In 2016, Oak Hill — which is the final resting place for Johnson City founder Henry Johnson, and Col. LeRoy Reeves, who designed the Tennessee State Flag — was named as one of the state’s 10 most endangered historic properties, and was denied placement on the National Register of Historic Places, which could have gone a long way in preserving the cemetery.
The cemetery needs to be preserved so “that generations ahead of us will be able to know what happened years ago,” said Oak Hill Cemetery owner Timothy Clay McKinney. “Something needs to be done.”
McKinney says that “something,” would be a myriad of upgrades and maintenance work around the cemetery, including a new fence that he’s been trying to secure funding for since at least 2016, when he told the Press that initial estimates for a new fence would cost about $100,000.
Perhaps the most important work that needs to be is the repair of several headstones, which are in various states of disrepair across the cemetery. In nearly every row of the 8½-acre cemetery, you’ll find several toppled headstones, some with large cracks going through them and other missing entirely, something McKinney called a “heartache.”
“When I was younger, I never would have let these (head)stones get as bad as they are right now, because there are several of them that need repairs,” McKinney said. “It used to break my heart to see them turned over and lying around broken … but now just to get the money — we can’t afford that.”

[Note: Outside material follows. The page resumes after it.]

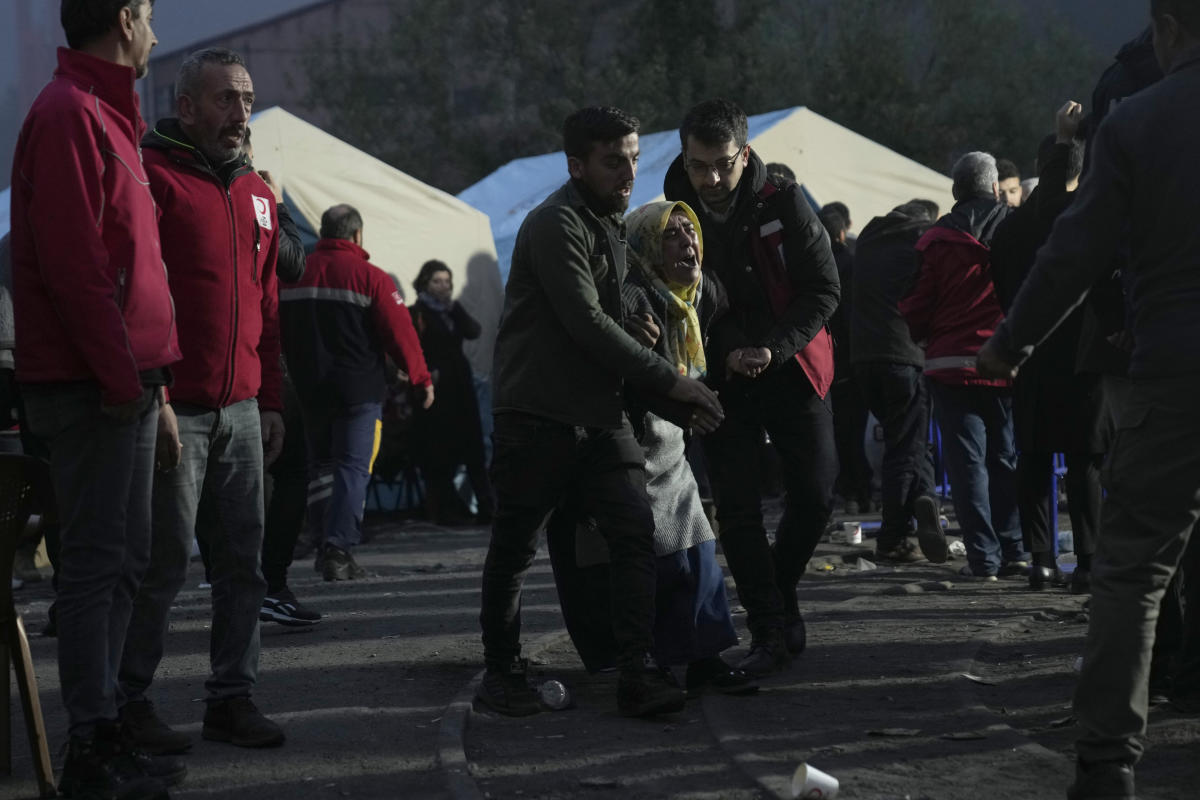 Death toll rises to 28 in Turkey coal mine explosion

Naturally, nearly all of the cemetery’s issues can be traced back to funding difficulties, which have plagued Oak Hill since McKinney’s father purchased it in 2007, spending $150,000 of his own money to maintain and beautify the grounds.
Now, the cemetery’s finances are dire, with donations “way down” and just $1,000 remaining in the budget to maintain Oak Hill for the rest of the year — well short of the $10,000 to $15,000 mark McKinney estimated it would cost to operate the cemetery smoothly for a year.
McKinney had hoped to secure more funding by getting the cemetery registered as a historic site by the National Register of Historic Places, but when that didn’t happen, it left him with few options to secure more funding to maintain a cemetery that has more than 3,500 people interred there.
He has pursued one other avenue, however, selling it to the city — though there has yet to be “serious discussions” about it or having the cemetery register as a nonprofit.
“We can’t provide support to a private (cemetery),” Johnson City Mayor Jenny Brock said. “There’s just been some discussions about what we can do moving forward, but we’ve had no serious discussions about it all.”
“It’s just one of those things to say ‘well, if you were a nonprofit it might make some difference where we could help,’ or if there’s an interest on his part of approaching the city that he might want to donate or sell it at a nominal cost,” Brock continued.
McKinney, however, says he’d like to at least get $150,000 from the city to sell, but he’s approaching a point where there’s “no telling” what will happen to the cemetery.
“I can do the work most of the time, but when I don't have the financial capabilities to do what I need to do here, then I get frustrated and I don't want to do it anymore,” he said. “I’m to that point right now, so if something doesn't change, there's no telling what I'll do with it.”